This poem conveys a mood of deep melancholy and grief despite being reluctant to explicate a simple narrative or situation in which this passionate feeling is being felt. The poem can be seen as a plea to and for the speaker’s lover or friend on their death-bed, yet the picture is kept just out of focus, as if the exhortation of the title were intended to be extended to the reader as well. Through repetition we are made witness to the change in tone behind this phrase, from the resolution and coldness of the first stanza to a deep anguish and compassion in the last. The adapted sonnet form of the poem fits this dramatic shift in mood and the soul-searching that accompanies it.

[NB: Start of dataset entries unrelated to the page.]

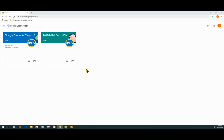To access the classroom, if there is more than one, pick the name of the class you would like to get into.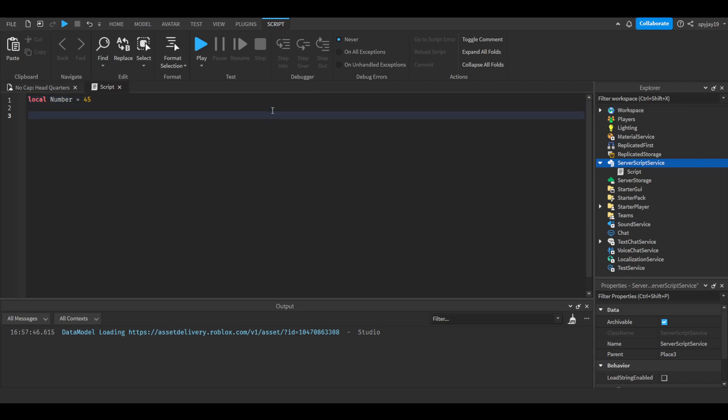Let's say we wanted to turn that number into a string, right? So pretty much what we would do is we would do tostring, and you put the object to be converted into a string, which is number. Now to test this, we could do print and see.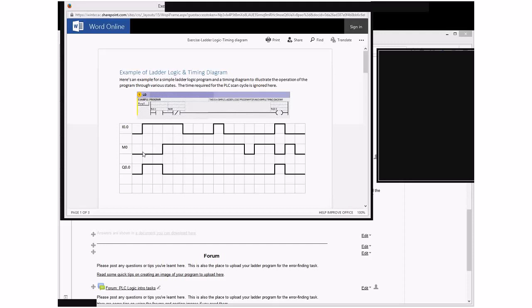So you can see at the start here we've got the memory M0 as a low value. So the logic for that part will turn on in this first square.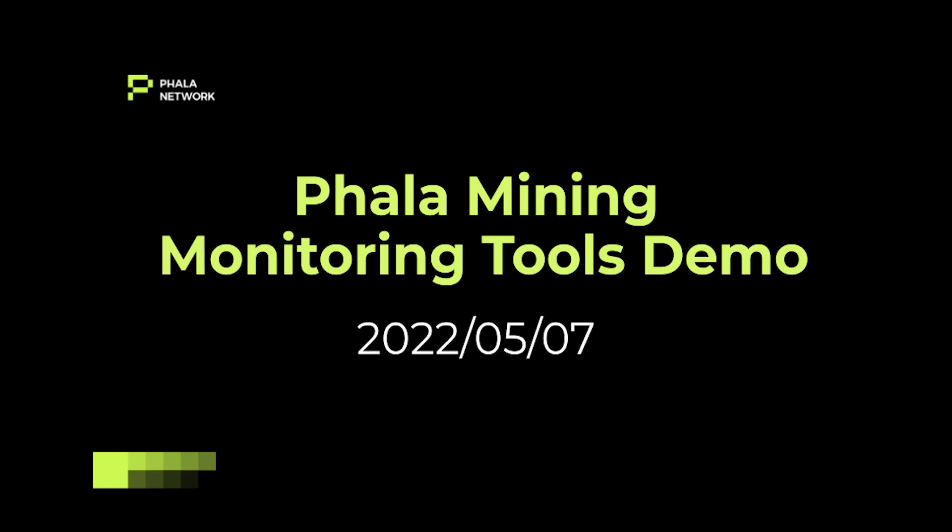Hello, Phala miners. This is Sri, community lead of Phala network. We have also Kyle here as a guest. He's the community manager dedicated for miners community.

A mood of bold defiance is conveyed in the opening lines with the imperative ‘Ask me no more’. The construction comparing tumultuous natural forces with the speaker’s maintained silence, ‘when have I answered thee?’, works on the idea that while the elements are subject to influence, the speaker’s resolution not to respond is unshakeable. The lines are given a Biblical cadence by the conditionals ‘may’ balanced against ‘but’ as in a psalm, as well as the idea of a ‘cloud’ reaching down from ‘heaven’. With the entrance of death into the poem at stanza 2 this will be reconfigured as an allusion to the death of Elijah or the ascension of Jesus, but here it simply demonstrates that storm clouds are shaped, and so influenced, by the land they pass over. The speaker’s exclamation ‘O too fond’ hangs unexplained in the stanza, but could apply to the speaker himself or the subject of the poem with a tone of admonishment. At this point in the poem the speaker might be rejecting an enamoured lover – he wants to distance and silence the person he is addressing.

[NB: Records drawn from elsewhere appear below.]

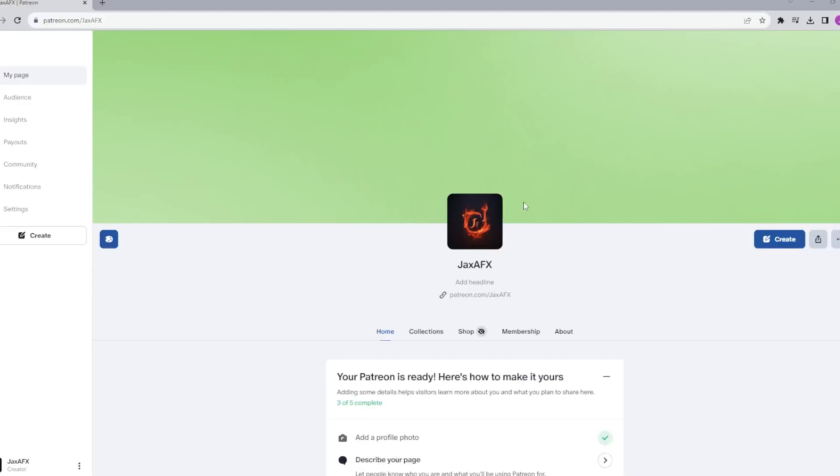By the way, we have a Patreon — shameless plug — and it will help me and the channel a lot. Please consider joining the Patreon, thanks!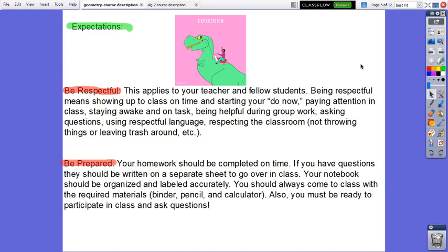You have to be prepared. Your homework should be completed on time. If you have questions, they should be written on a separate sheet to go over in class. Your notebook should be organized and labeled accurately. You should always come to class with the required materials: binder, pencil, paper, and calculator. Also, you must be ready to participate in class and ask questions.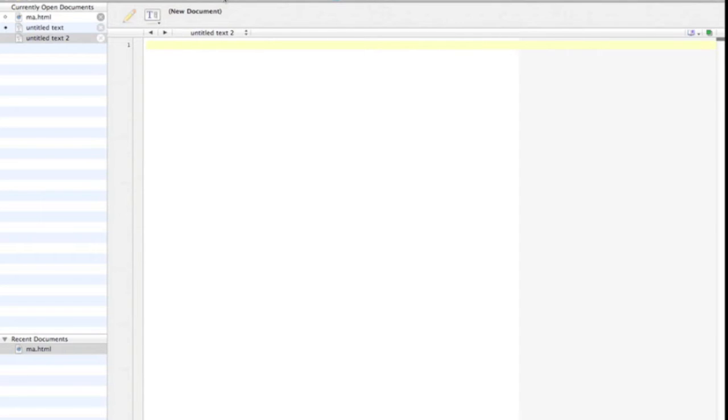CSS or Cascading Style Sheets is what makes your page look pretty. Think of it like the skin and makeup that covers the bones of your HTML. We'll learn HTML first, then worry about CSS in a later video.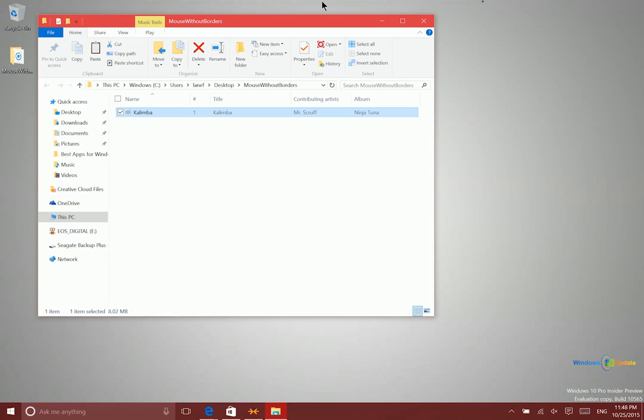So this program as you can see up here is called Mouse Without Borders. It is free from Microsoft Garage. I'll leave a link in the description as well as in the blog post for you to go ahead and download this free application.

The mood changes dramatically in the second stanza to one of grief and helplessness. The vulnerability and frailty conveyed by ‘what answer should I give?’ contrasts starkly with the firm coldness of stanza 1. ‘I love not the hollow cheek…’ attempts to explain this remoteness as a profound insight that sees beyond mere mortality, but the whole poem suddenly pivots on following word, ‘Yet’. This can be seen as the volta of this semi-sonnet, as the speaker allows the outpouring of his true emotion indicated by the exclamation mark at the end of the line. ‘O my friend’ counters ‘O too fond’ in the first stanza, turning that from a reproach towards the addressee, to a complex expression of self-admonishment, at having become too attached to the ‘hollow cheek and faded eye’ of a person that must inevitably die.

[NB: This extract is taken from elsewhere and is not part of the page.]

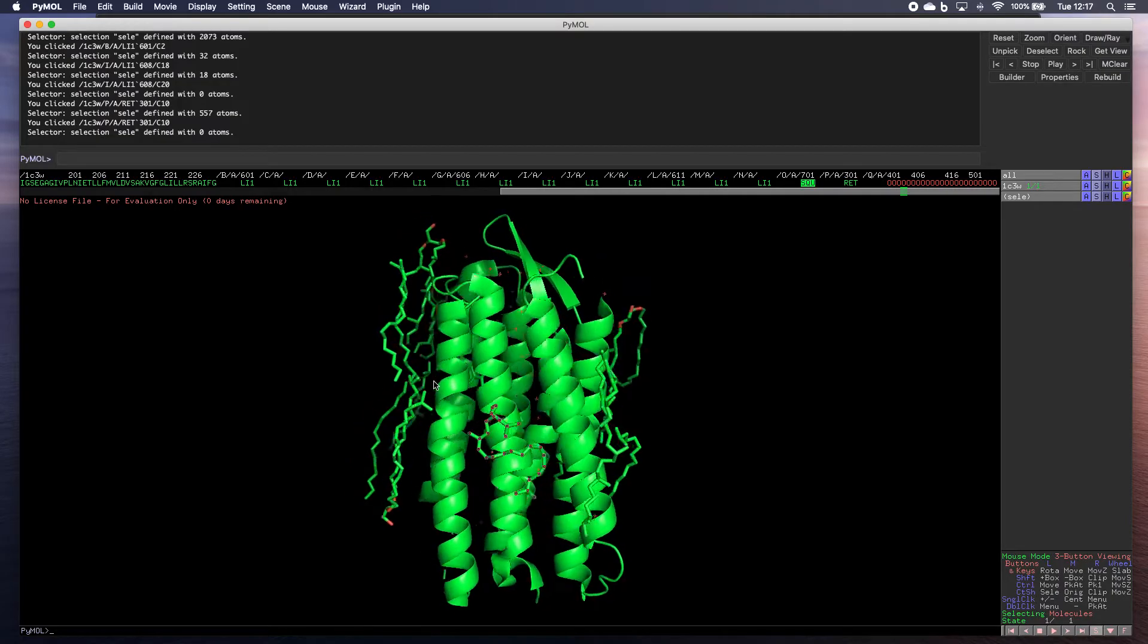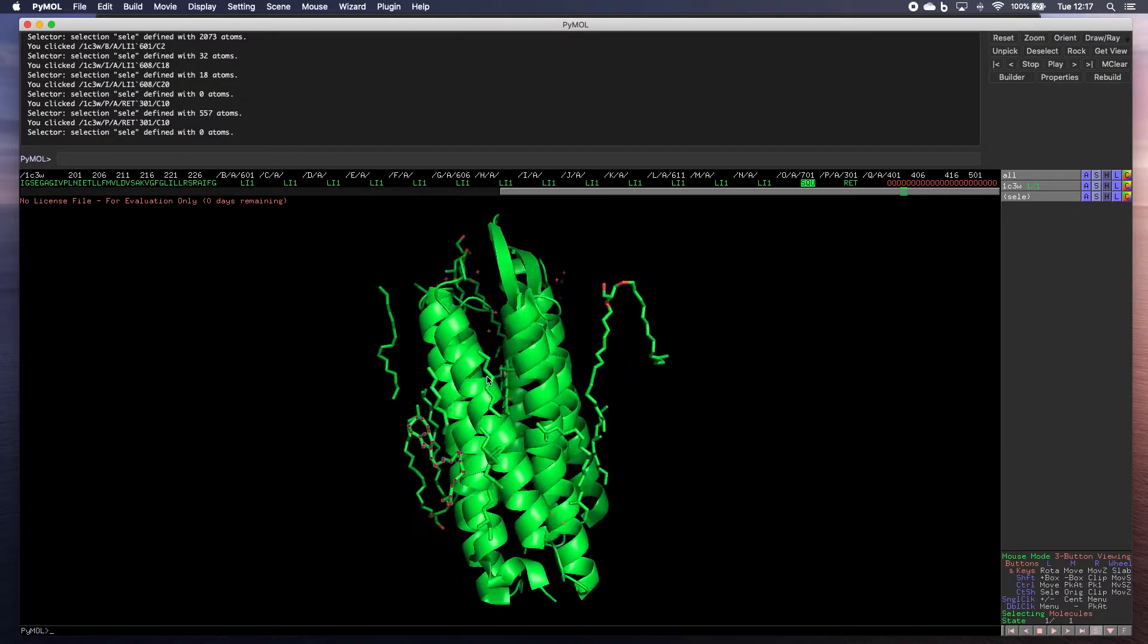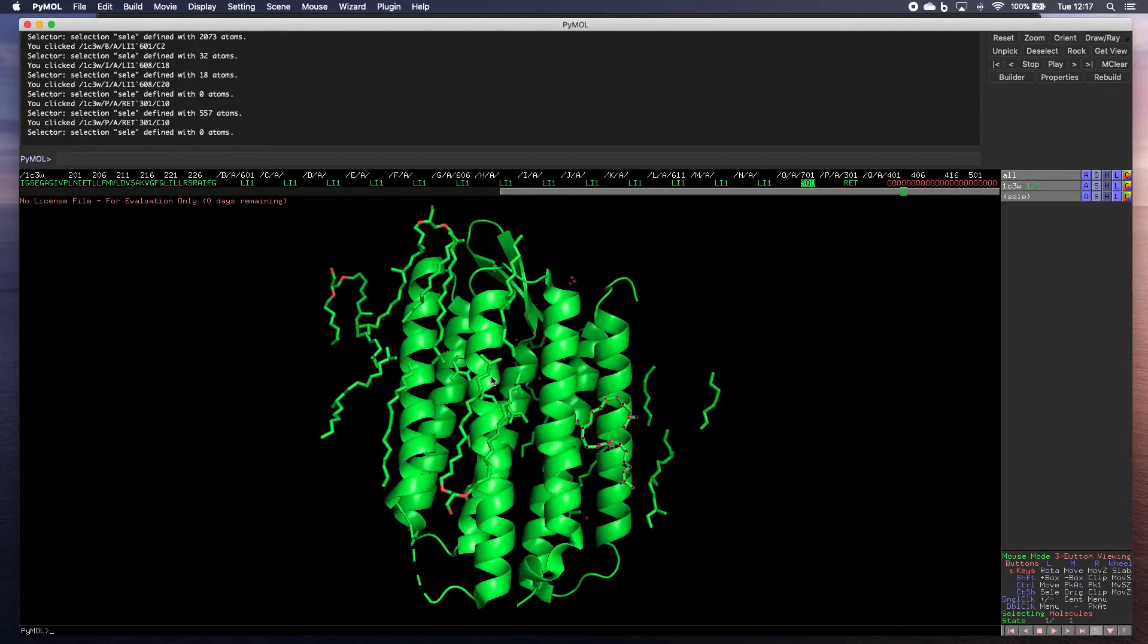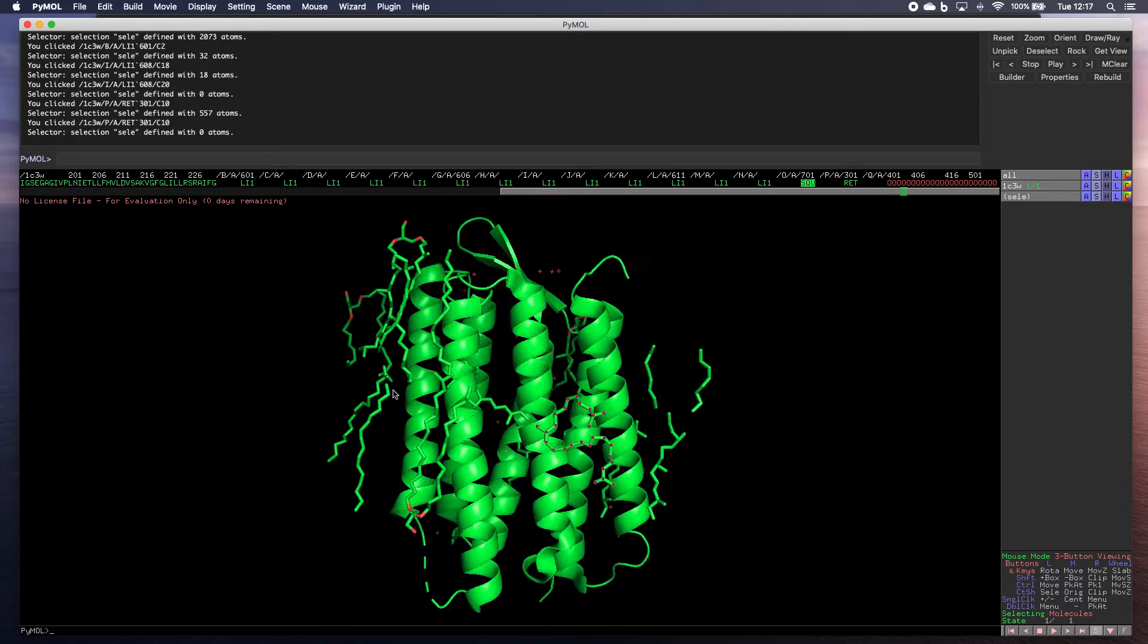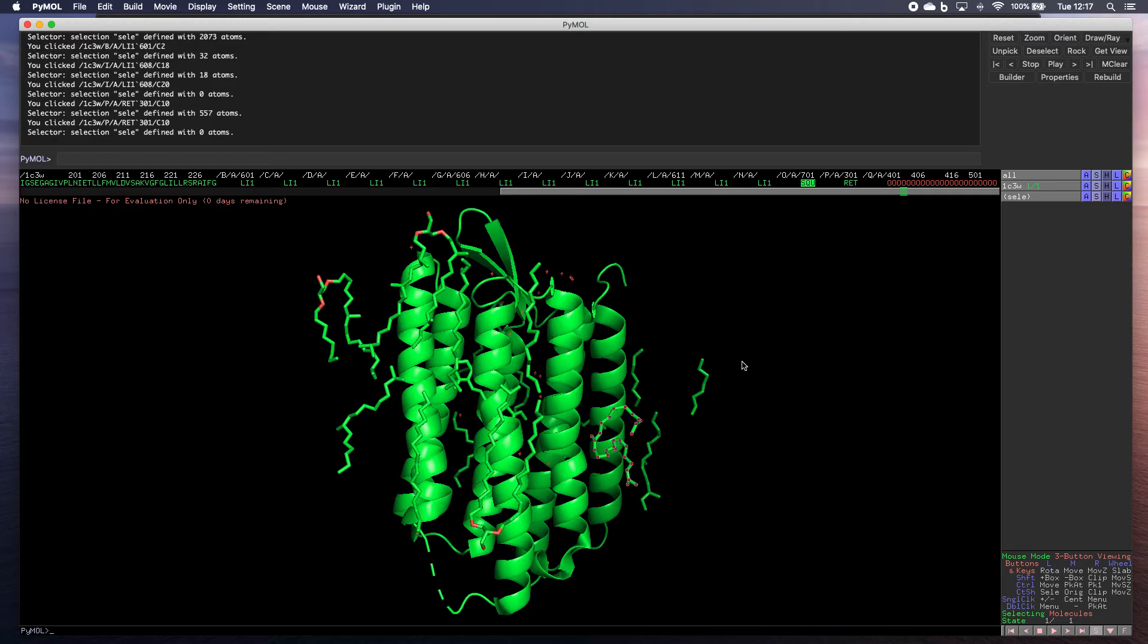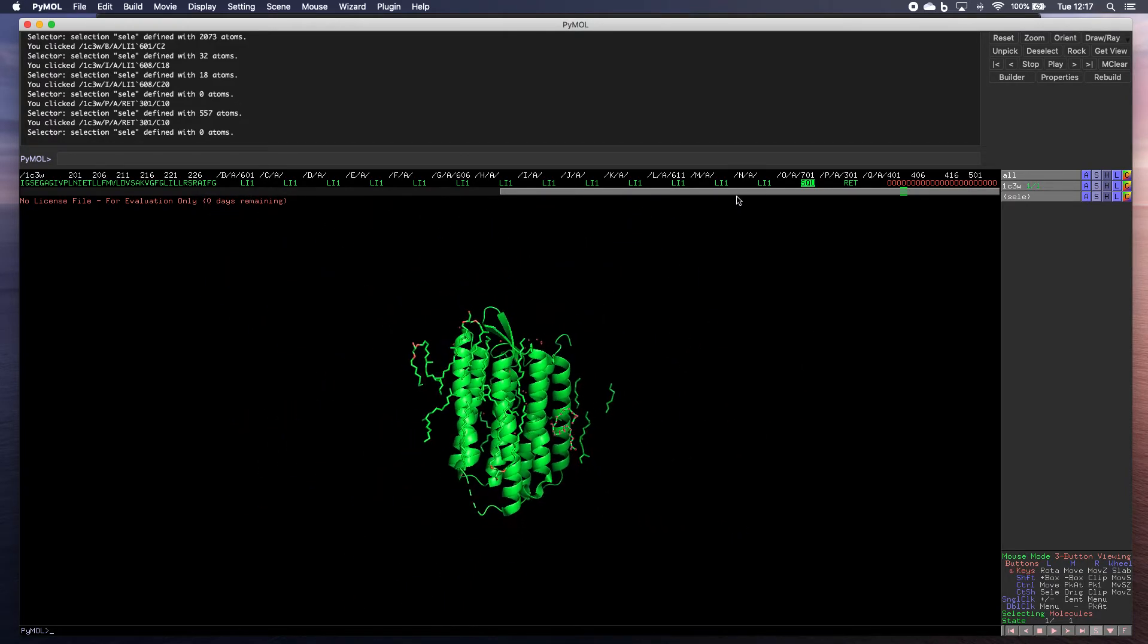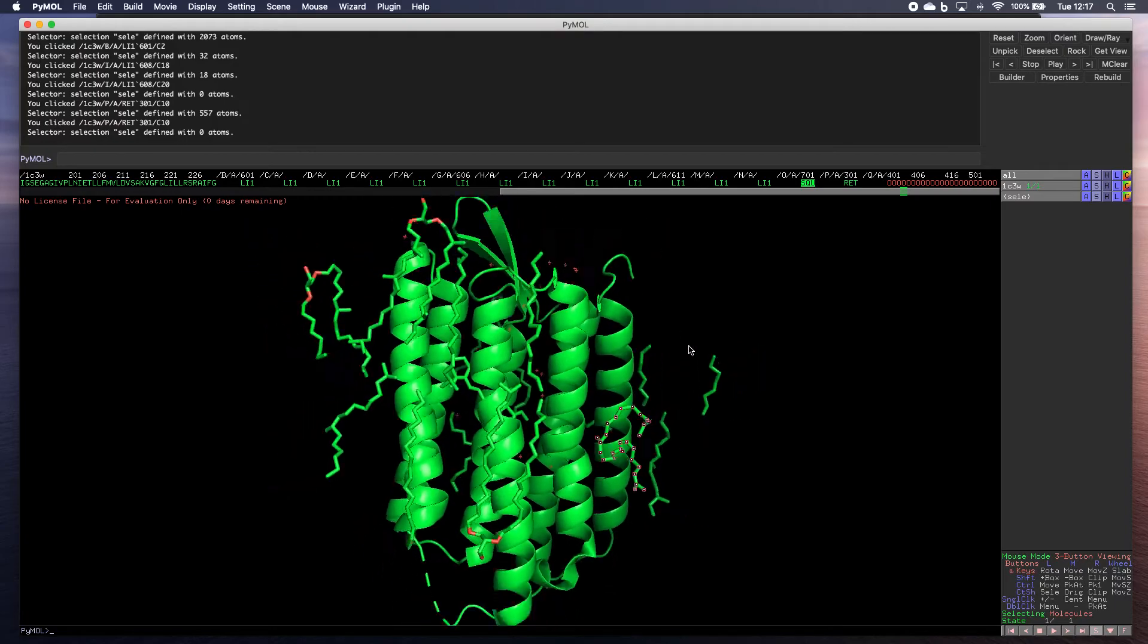Quick thing about how to control your image. So if you click with your left mouse button, you can rotate the image around. If you click with your right mouse button and move up and down, you can zoom in and out.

There is a bitter irony in the seeming command, ‘I will not have thee die!’, where the speaker tries desperately to imagine that it is in his hands to save the person he’s speaking to. The earlier mention of the moon that can ‘draw the sea’ is now retrospectively recast as an allusion to King Canute – the speaker’s command to death is as vain as trying to command the sea. A similar mismatch in tone can be found in the following line, where ‘lest I should bid thee live’ strikes us as a nonsensical threat. Just as the admonishing ‘too fond’ was turned back on the speaker, so the apparent threat of ‘lest’ towards the addressee implies a deep fear and consciousness of weakness in the speaker himself. It is not ‘lest I make the command to spare your life and it is enacted’, but rather ‘lest i make the command and it is not enacted, hence I am made palpably aware of my own frailty’. The final ‘Ask me no more’ has become, instead of an emphatic command, a fearful, compassionate plea.
Resignation and passionate love are the underpinning tones of the final stanza, as the speaker confronts the inevitability of death, ‘thy fate and mine are seal’d’. A return to the imagery of nature seen in stanza 1 shows the difference – where before the speaker held himself in contrast to the changes or nature, he now sees himself within it and subject to it, also recognises that although he ‘strove against the stream’, he was never actually outside the influence of mortality. Life’s passing is elevated beautifully in the image of the ‘great river’, and the passionate grief in ‘No more, dear love’ is touching. We see that his ‘yielding’ refers both to the deathbed requests of his lover or friend, and to the ‘touch’ of death of itself, of which he now has a heightened consciousness.
This poem addresses the inner struggle to reconcile oneself with death and the fact of mortality. The speaker’s love for the person he addresses is movingly portrayed as breaking through the superficial coldness with which he attempts to evade the unalterable and inevitable approach of death.